ISLAMABAD: The Senate Standing Committee on Human Rights on Thursday decided to summon recovered missing persons for an in-camera session and ask them who they had been picked up by.

The committee also decided that once the victims recorded their statements, representatives of Inter-Services Intelligence (ISI), Military Intelligence (MI) and Intelligence Bureau (IB) would be called in before the committee.

Briefing the committee during Thursday’s session, the Balochistan’s additional interior secretary said that there are currently 136 people missing in the province.

The secretary said that 120 people on the list have criminal records.

He said that bodies of 27 people had been found, while 104 people had been recovered, adding that attempts were made to gather information from those who had returned home but they had not been willing to give their statements. He added that some of the names on the list of missing persons were incorrect and therefore, had been removed by the head of the Commission on Enforced Disappearances.

“We do not know who is behind the enforced disappearances,” the secretary said. “In one or two cases the relatives of the missing persons have blamed the agencies.”

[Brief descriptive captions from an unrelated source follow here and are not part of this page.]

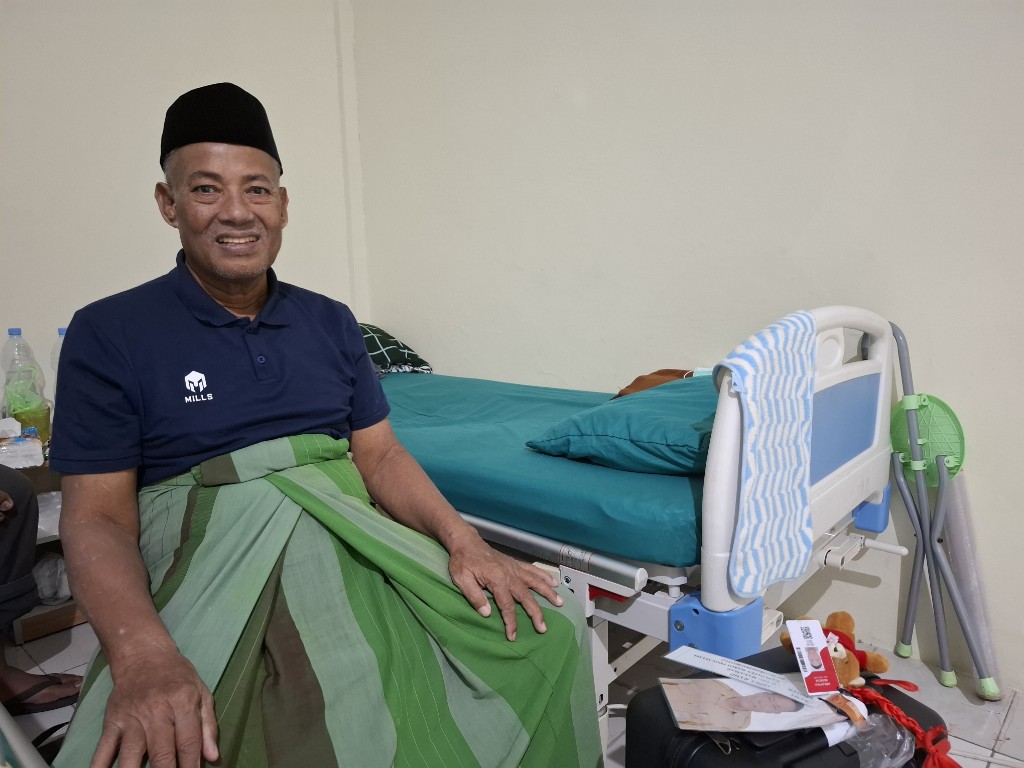 Abdul Rasyid, jemaah haji asal kabupaten Maros yang sempat tertunda keberangkatannya ke Tanah Suci karena jalani operasi.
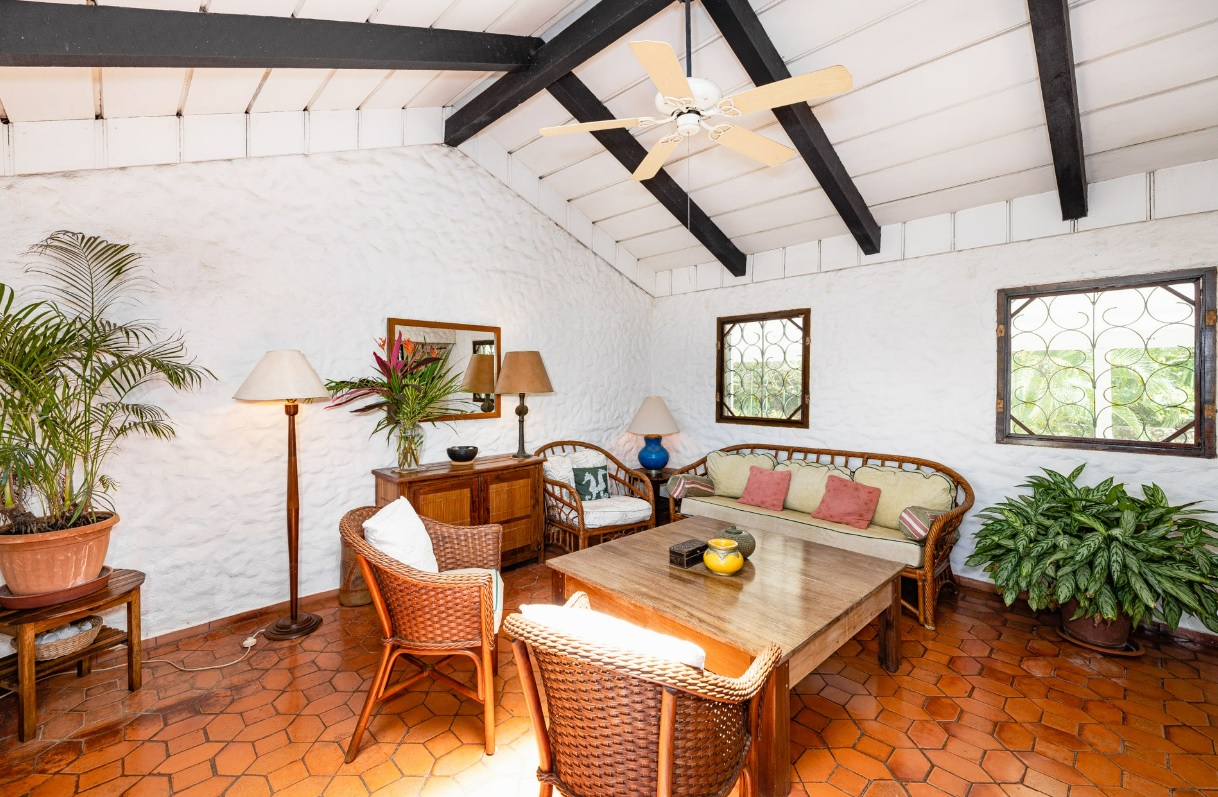 4 bed Single Family Homes For Sale in Playa Flamingo, Guanacaste - thumb 13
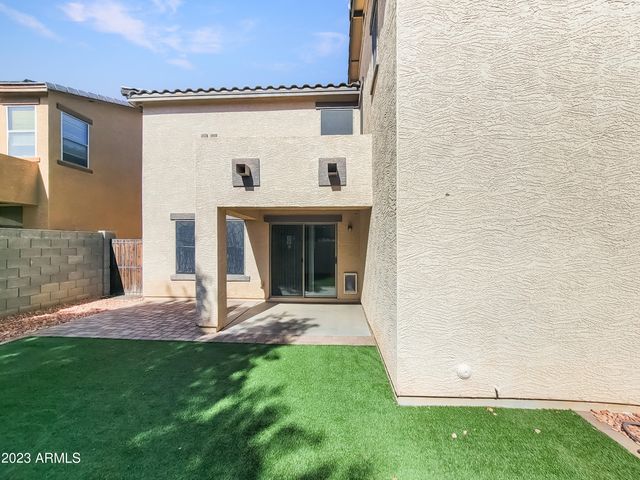 18513 W MARIPOSA Drive, Surprise, AZ 85374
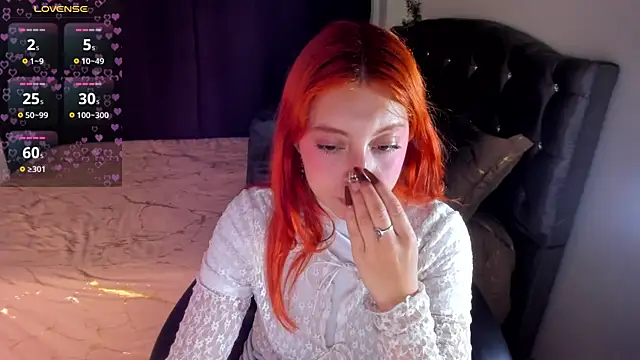 Violetaarey online show from 04-23-26, 02:07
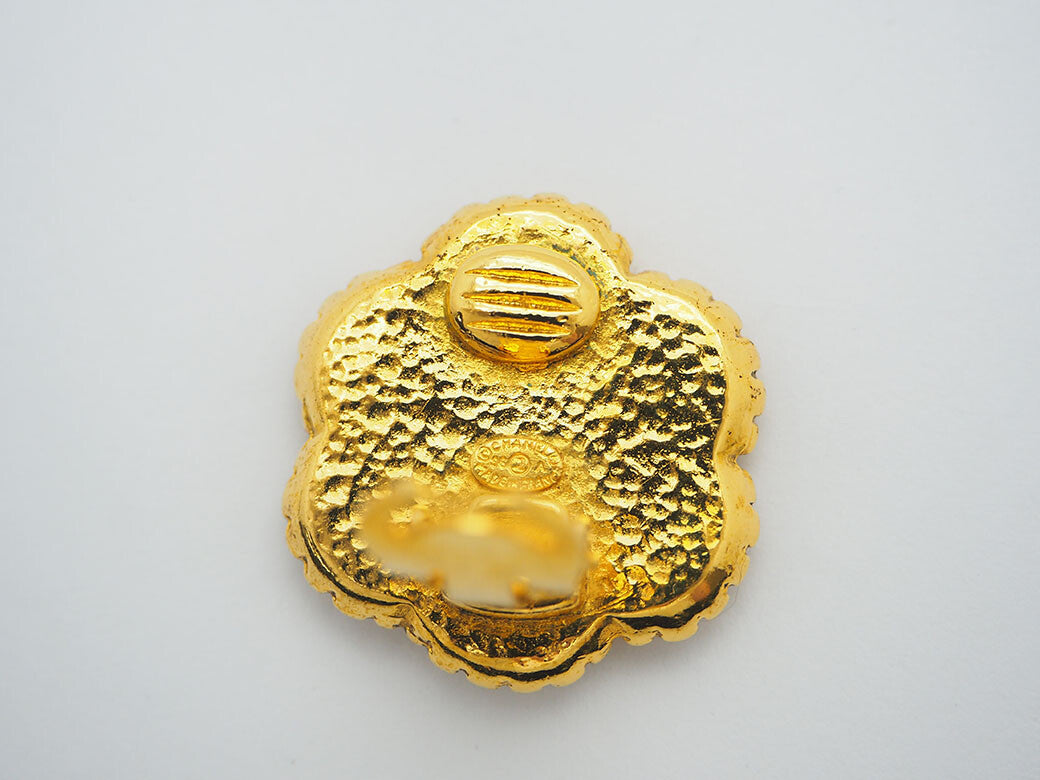 CHANEL Vintage Flower Coco Earrings 96A Gold Ladies Dot Frame Reuse Used7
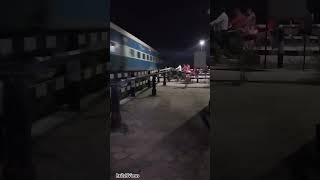 Ajmer Garib Nawaz Express  15715 kisanganj to ajmerjunction  railshorts railway subscribe [upl. by Anaic]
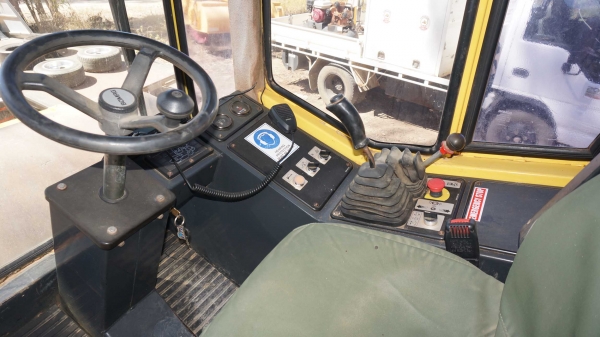 รถบดสั่นสะเทือน25ตันBOMAG BW225-3D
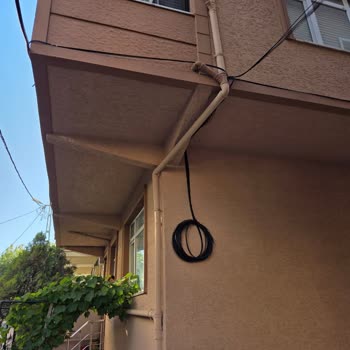 Evime İzinsiz Kablo Çekilerek Zarar Verildi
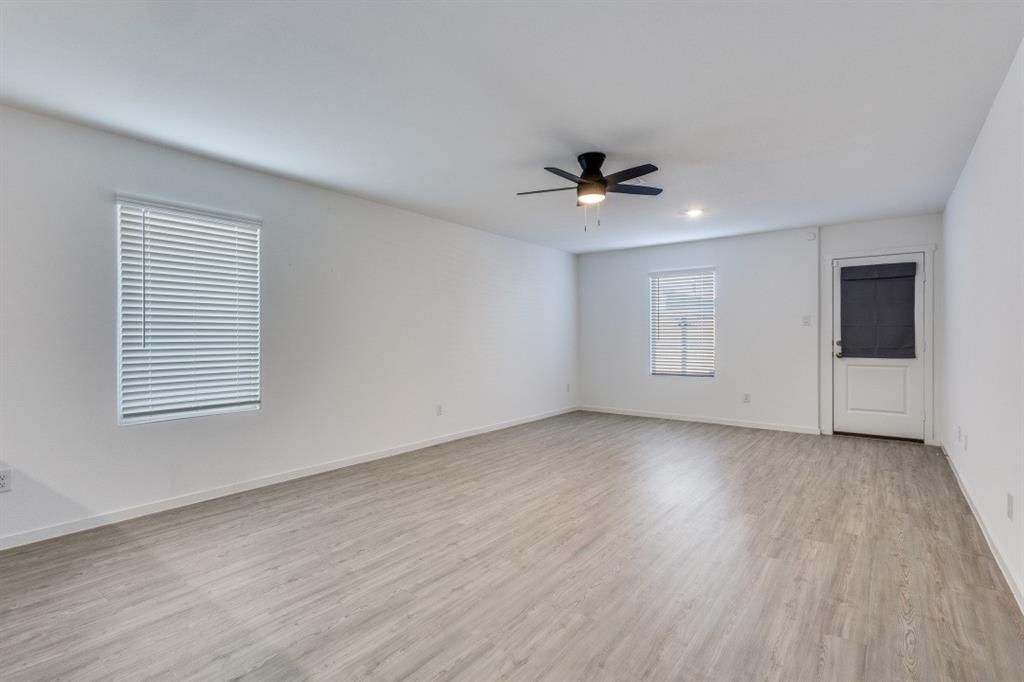 Photo of 914 Blue Heron Drive, Princeton, TX 75407 (MLS # 21182761)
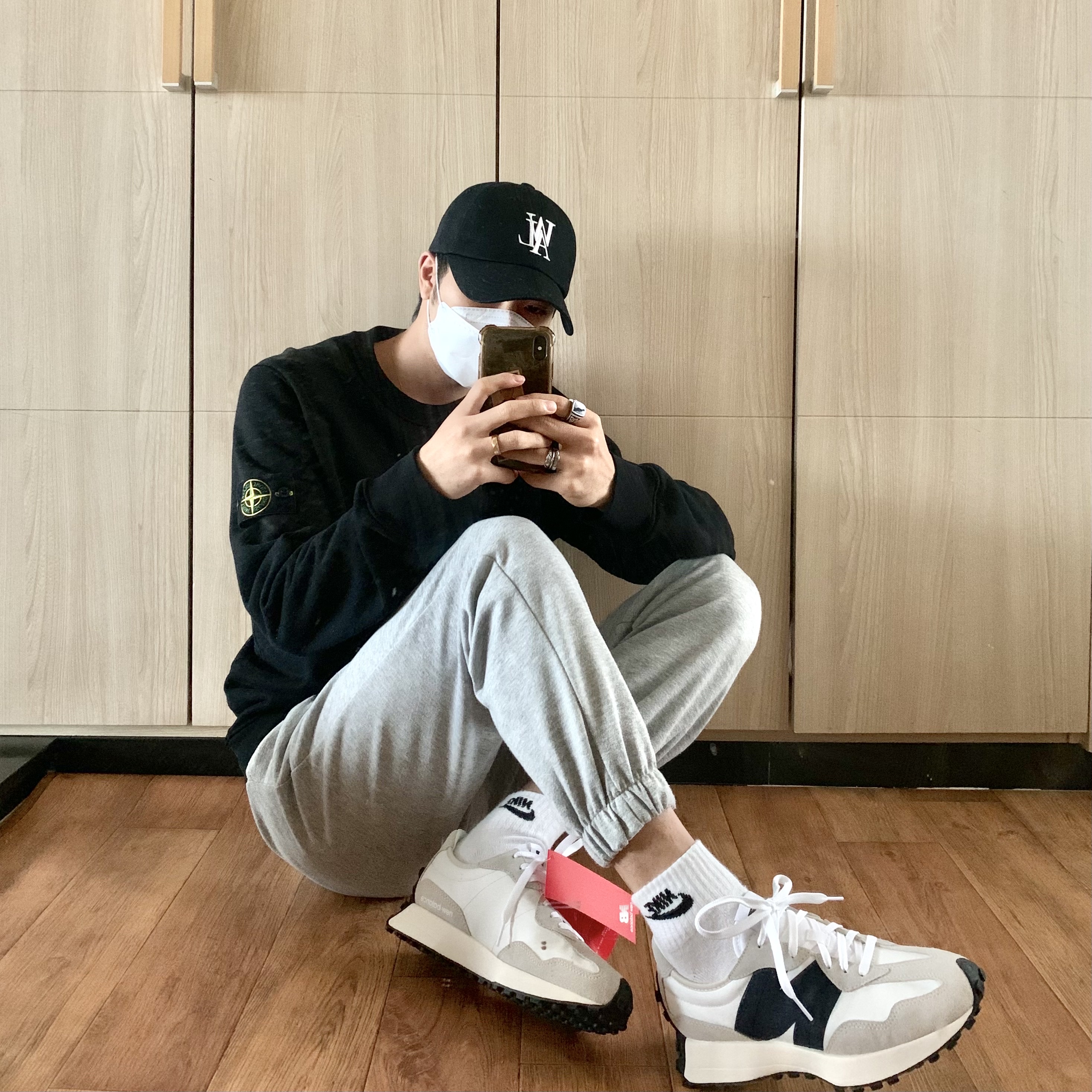 New Balance 327 White Black 착용 스타일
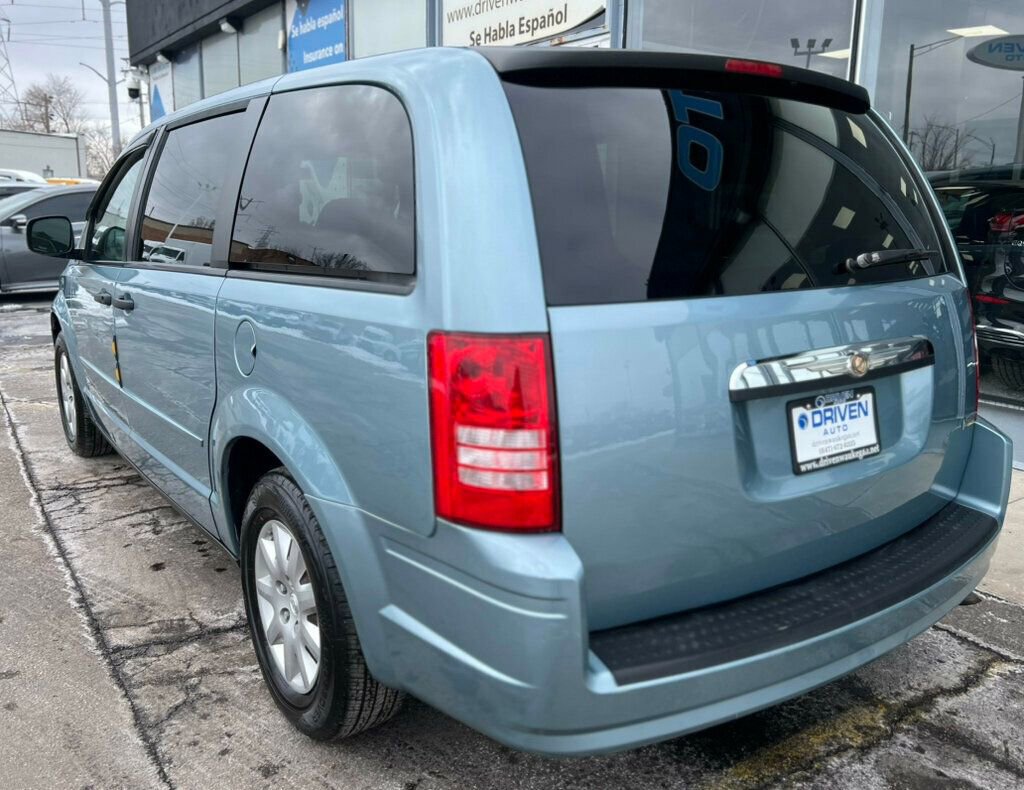 Used 2008 Chrysler Town & Country LX image 3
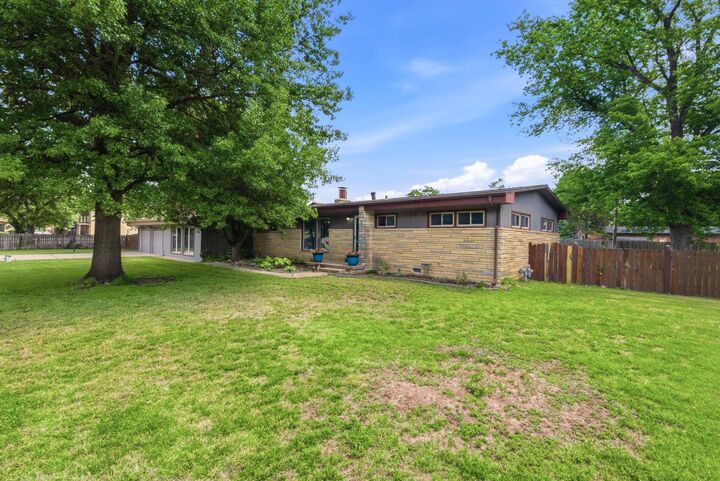 Property Photo:  352 S Floyd St  KS 67209 
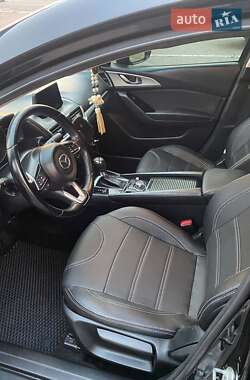 Седан Mazda 3 2016 в  фото 5 Седан Mazda 3 2016 в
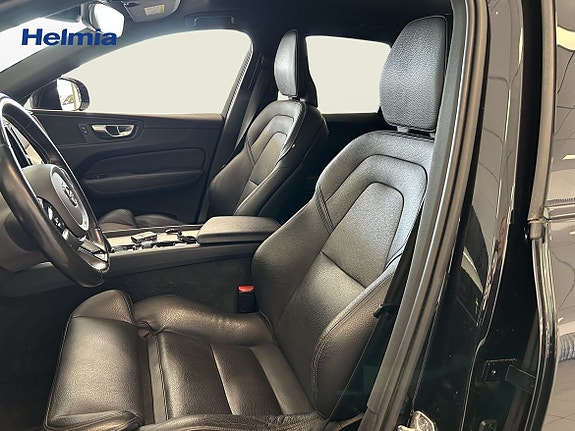 Volvo XC60 6 of 15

Senator Nasreen Jalil, who was presiding over the committee’s session, said that recovered missing persons would be called in and asked who picked them up. She said the committee could then call members of agencies and present the facts before them, and tell them that “this matter must end now”.

Senator Farhatullah Babar said: “We all know who is picking them up but we don’t make that information public.”

Senator Jehanzeb Jamaldini demanded that the ISI, MI and IB be summoned in relation to the matter of enforced disappearances.

“Whoever is picking up these people is stronger than the state institutions,” Senator Babar said, demanding that the commission be dissolved and replaced with a new one.

“This matter is bringing disrepute to the country,” the committee noted.

According to the Enquiry Commission on Enforced Disappearances, 728 Pakistanis were added to the missing persons’ list in 2016, the highest number in at least six years, bringing the total to 1,219.